Anyway, I'll submit this use of it as a PR for your consideration.
Ah, I didn't know it's regex by default. IMO it should be plain string instead of regex by default. I'll change the issue description. Thanks for looking into it @bobhy!
I'm a Windows user too, so I'm accustomed to making many accommodations to its path syntax, but I'd hate to reduce Nu capabilities just to cater to that scenario. Nushell on Windows should support POSIX paths, like Python and Powershell do (but, unlike the latter, should not revert to backslashes when doing command line completion).
Deciding which way the str replace default should go is a hard choice. Either way, you know there will be a substantial minority of users disadvantaged.

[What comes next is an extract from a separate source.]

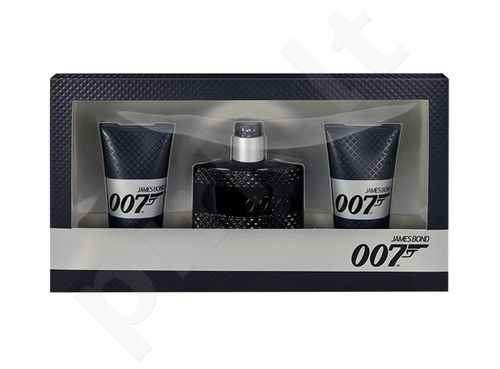 James Bond 007 James Bond 007, rinkinys tualetinis vanduo vyrams, (EDT 50ml + 2x50ml dušo želė)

Perhaps better would be to define an additional subcommand instead, e.g, str substitute. That way each community gets a clean command to focus on, nobody has to lose.
Btw, one thought I had for a more general solution was to introduce a way to create path objects. Then when a command receives such an object it can either handle it correctly or error and suggest the correct flag.
JT suggested something like p'C\Users' to make a path object (my initial suggestion was path 'C:\Users').